Segment Start: EXCERPTED RECORDS
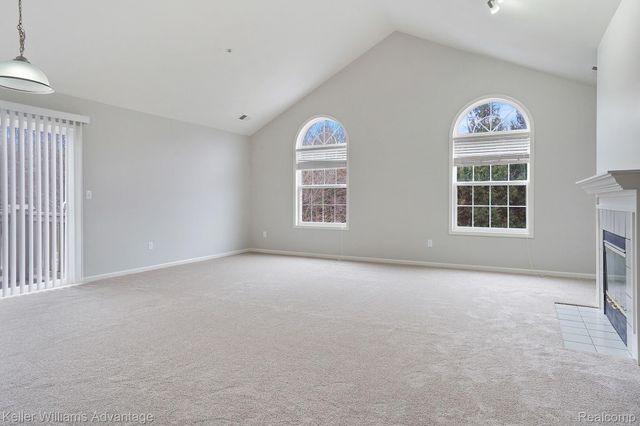 28556 CARLTON WAY Drive, Novi, MI 48377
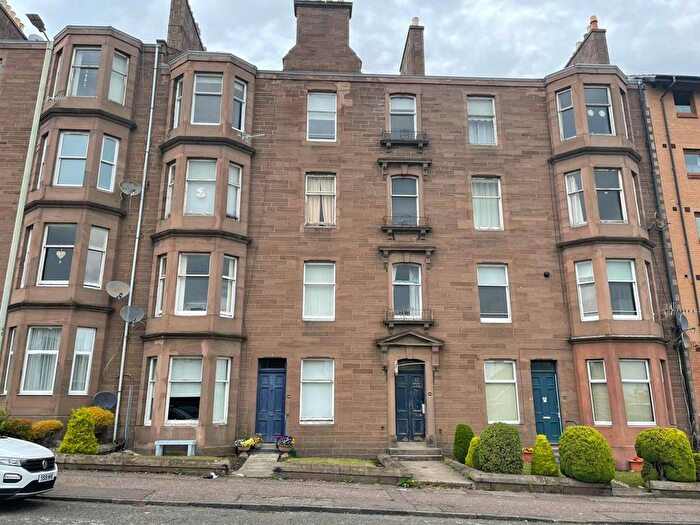 3 Bedroom Flat To Rent In Blackness Road, Dundee, DD2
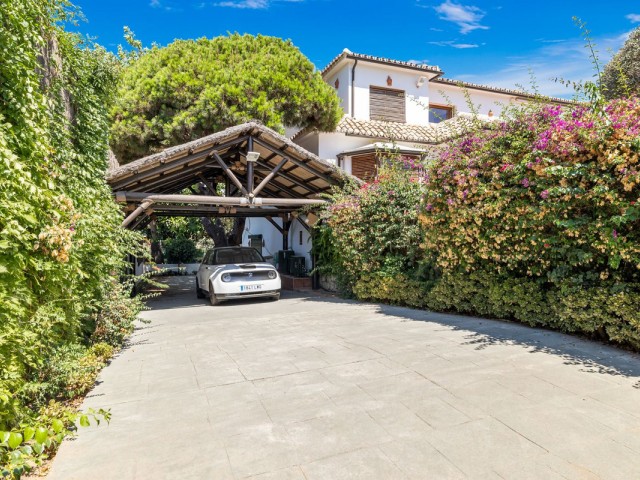 Villa avec 6 Chambres  à Marbesa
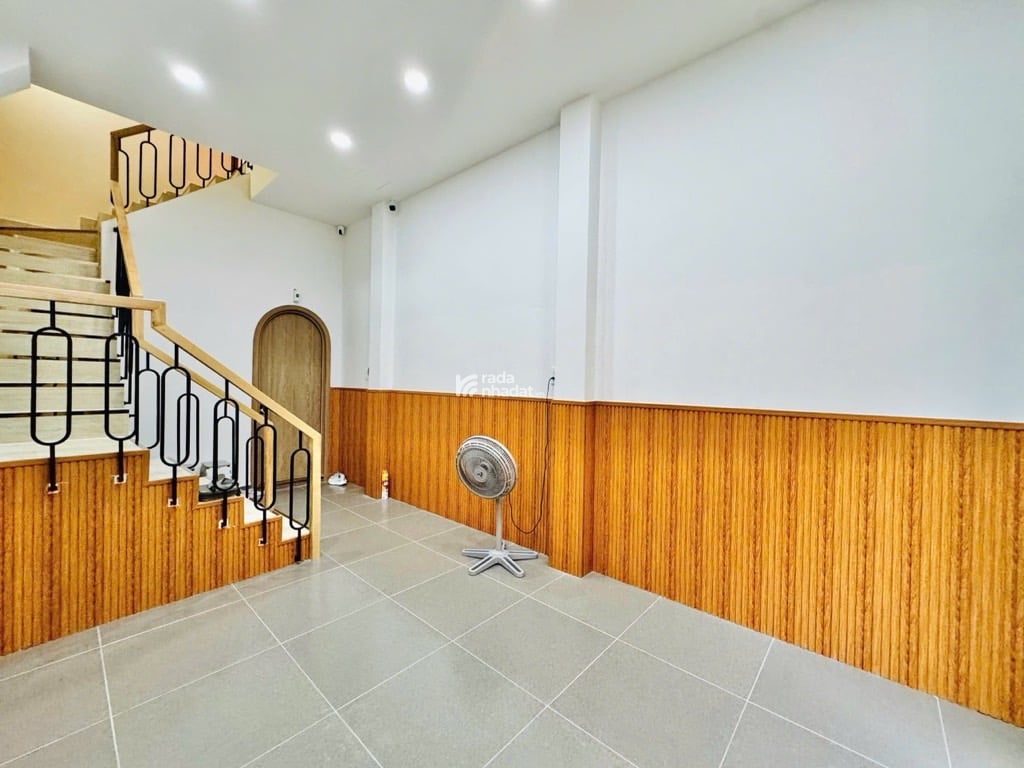 NGAY BỜ KÈ HOÀNG SA - HẺM THÔNG PHAN ĐÌNH PHÙNG - GIÁP QUẬN 1 - TOÀ CHDV -  DÒNG TIỀN 50 TRIỆU/TH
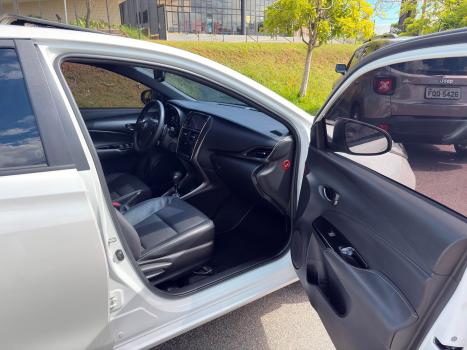 TOYOTA Yaris Hatch 1.5 16V 4P FLEX XLS MULTIDRIVE AUTOM�TICO CVT, Foto 8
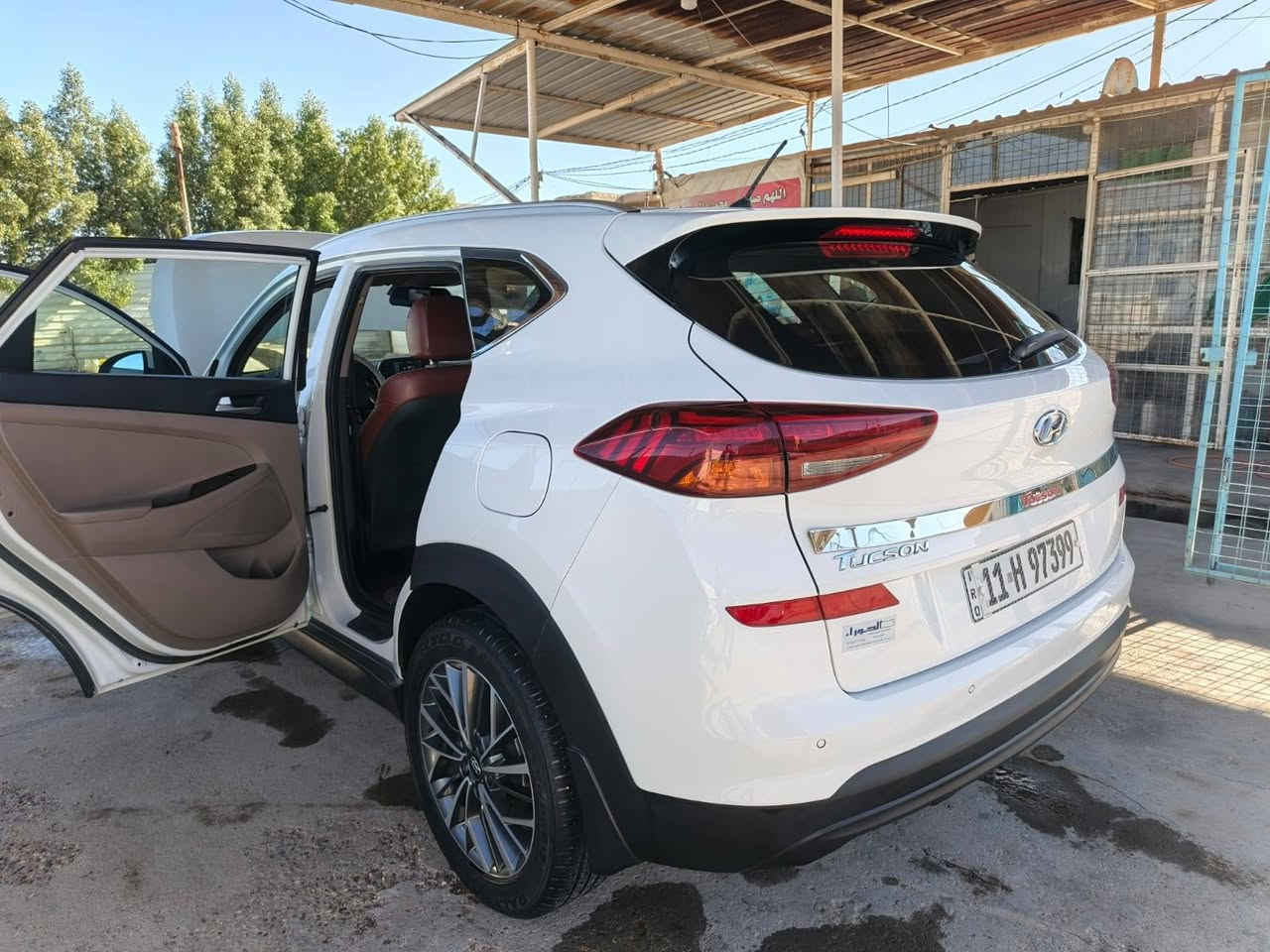 توسان فول 1/1
2019 

شركه  خيرات المهند   
سياره ماخذها زيرو اني  ماشية 97km.

ساید بریك رجل 

العدة الكاملة .

خمس عدسات زنون . مع نظام إضاءة إضافية عند الاتفاف يمينا أو يساراً . 

لد نهاري.  

ثلاث أنظمة قيادة. 

تحكم استيرن . 

بصمة أبواب + بصمه تشغيل

كشنات جلد

شاشة لمس .

كروز مثبت سرعة.  

تبريد قطعتين. 

تبريد ثلاجة . 

داخل صاج  دشبول  واستيرن🔴
 . 

حساسات وكامرة خلفية وامامي

.

كراسي كهرباء جلد وليس مخمل.  

.

مرايا شفط اوتو .

.ترحيب  

مخرج اوكس ويو اس بي وبلوتوث.  

بسمي تحويل ثاني يوم . 

🔴ما بيها بارد ولا صبغ 

رقم   بغداد .

مكينه 2000  كفاله 
  السعر 195 وبي مجال🔴 

مكان السياره بابل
Segment End: EXCERPTED RECORDS
TASK GOAL: Above are the records; repeat them exactly, omitting every picture.

SOLVED PROBLEM:
 28556 CARLTON WAY Drive, Novi, MI 48377
 3 Bedroom Flat To Rent In Blackness Road, Dundee, DD2
 Villa avec 6 Chambres  à Marbesa
 NGAY BỜ KÈ HOÀNG SA - HẺM THÔNG PHAN ĐÌNH PHÙNG - GIÁP QUẬN 1 - TOÀ CHDV -  DÒNG TIỀN 50 TRIỆU/TH
 TOYOTA Yaris Hatch 1.5 16V 4P FLEX XLS MULTIDRIVE AUTOM�TICO CVT, Foto 8
 توسان فول 1/1
2019 

شركه  خيرات المهند   
سياره ماخذها زيرو اني  ماشية 97km.

ساید بریك رجل 

العدة الكاملة .

خمس عدسات زنون . مع نظام إضاءة إضافية عند الاتفاف يمينا أو يساراً . 

لد نهاري.  

ثلاث أنظمة قيادة. 

تحكم استيرن . 

بصمة أبواب + بصمه تشغيل

كشنات جلد

شاشة لمس .

كروز مثبت سرعة.  

تبريد قطعتين. 

تبريد ثلاجة . 

داخل صاج  دشبول  واستيرن🔴
 . 

حساسات وكامرة خلفية وامامي

.

كراسي كهرباء جلد وليس مخمل.  

.

مرايا شفط اوتو .

.ترحيب  

مخرج اوكس ويو اس بي وبلوتوث.  

بسمي تحويل ثاني يوم . 

🔴ما بيها بارد ولا صبغ 

رقم   بغداد .

مكينه 2000  كفاله 
  السعر 195 وبي مجال🔴 

مكان السياره بابل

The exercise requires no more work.